James Surowiecki discusses B corporations in an article in The New Yorker: Companies with Benefits.

“There are now more than a thousand B corps in the U.S., including Patagonia, Etsy, and Seventh Generation. And in the past four years twenty-seven states have passed laws allowing companies to incorporate themselves as ‘benefit corporations’….”

 Interestingly, he concludes that there are benefits to incorporating in this manner that go beyond the reward of having performed a beneficial service to society.  He uses the eyeglass-maker Warby Parker to illustrate his points.

“The company’s approach—selling stylish specs at affordable prices—seems obvious, but, in an industry where brand-name glasses cost two or three hundred dollars a pair, it counts as revolutionary. The company has a similarly unconventional approach to its corporate identity. Soon after starting Warby, the founders made it a ‘B corporation.’ B corporations are for-profit companies that pledge to achieve social goals as well as business ones….Warby’s production and distribution is carbon-neutral, and, for every pair of glasses it sells, it distributes another in the developing world, in partnership with a nonprofit called VisionSpring.”

What other benefits are obtained by a company like Warby Parker?

“Being a B corp also insulates a company against pressure from investors….Patagonia doesn’t need to worry about investors’ opposing its environmental work, because that work is simply part of the job. For similar reasons, benefit corporations are far less vulnerable to hostile takeovers. When Ben & Jerry’s was acquired by Unilever, in 2000, its founders didn’t want to sell, but they believed that fiduciary duty required them to. A benefit corporation would have had an easier time staying independent.”

“To a free-marketeer, a B corp is just a way to waste shareholder money on do-gooding whims. Yet Warby Parker has had no trouble raising money from investors. And Dave Gilboa, another Warby co-founder, told me that, at the operational level, having a social mission can offer distinct advantages. It’s an important way for a company to attract and retain talented employees. Survey data show that workers—especially young ones—want to work for socially conscious companies, and will take less compensation in exchange for a greater sense of purpose.”

Those who wish to provide a benefit to society can often deliver that benefit on a larger scale by operating in a for-profit mode than they could with a strictly non-profit approach.

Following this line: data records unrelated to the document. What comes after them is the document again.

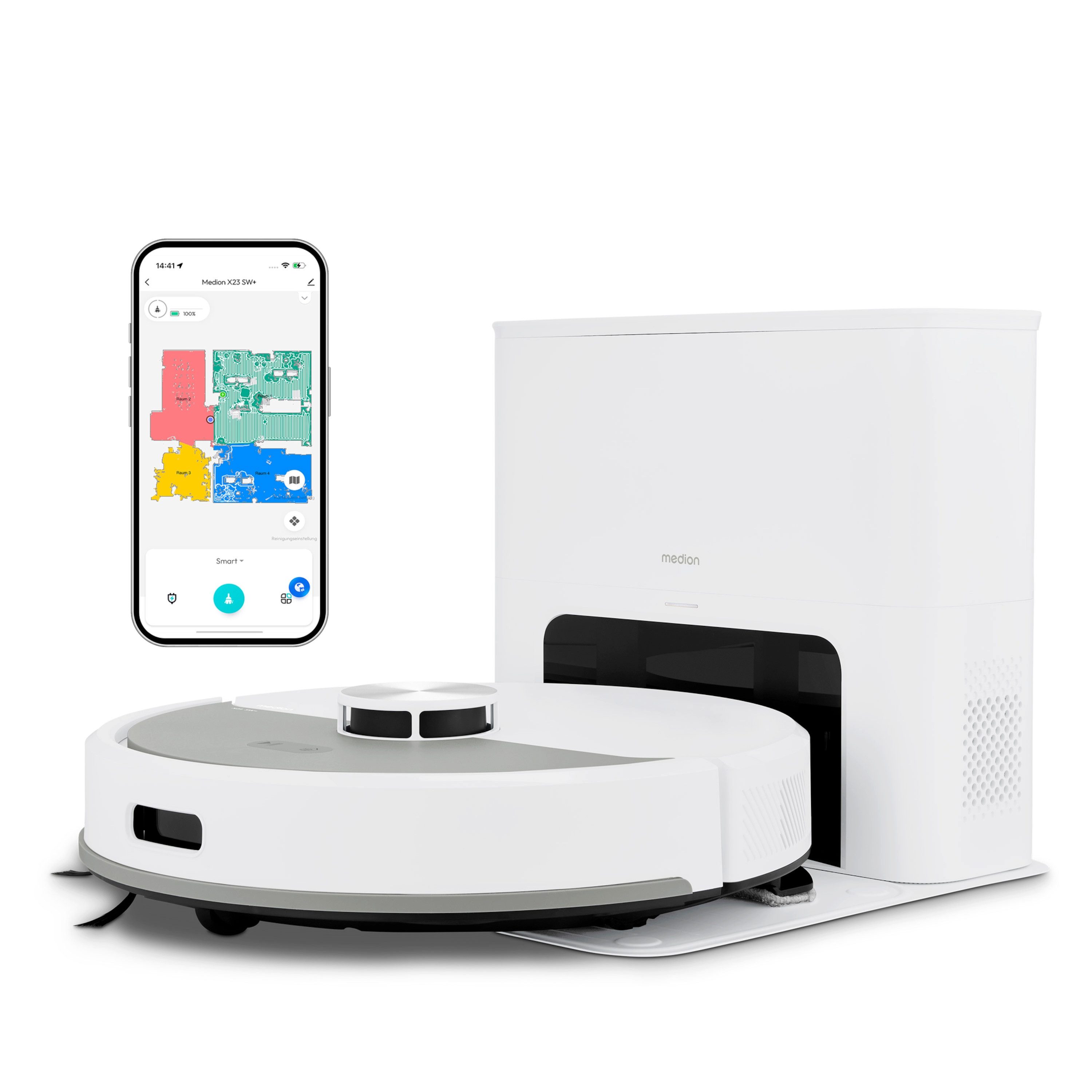 Medion® Saugroboter Smarter Saugroboter mit Wischfunktion und Absaugstation X23 SW+, beutellos, X23SW+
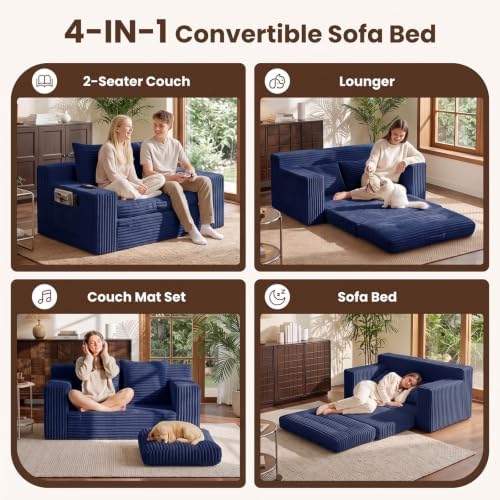 Boneless Couch, 4-in-1 Convertible Sofa Bed, Boneless Loveseat Sleeper - Image 5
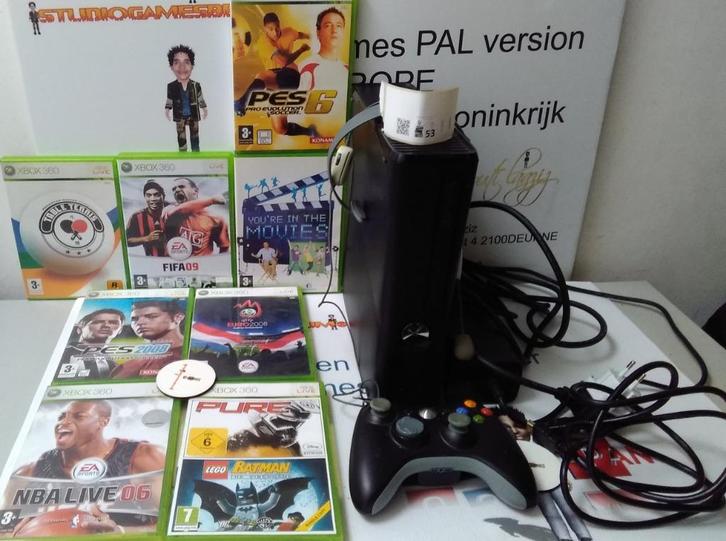 xbox 360 slim 250gb zwart console PAL versie UK+8 GAMES, Games en Spelcomputers, Spelcomputers | Xbox 360, Gebruikt, 250 GB, 360 S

Surowiecki reminds us that having profitable, socially conscious corporations is not exactly a revolutionary new concept.

“Yet the desire to balance profit and purpose is arguably a return to the model that many American companies once followed. Henry Ford declared that, instead of boosting dividends, he’d rather use the money to build better cars and pay better wages. And Johnson & Johnson’s credo, written in 1943, stated that the company’s ‘first responsibility’ was not to investors but to doctors, nurses, and patients.”

He finishes on this high note:

“The rise of B corps is a reminder that the idea that corporations should be only lean, mean, profit-maximizing machines isn’t dictated by the inherent nature of capitalism, let alone by human nature. As individuals, we try to make our work not just profitable but also meaningful. It may be time for more companies to do the same.”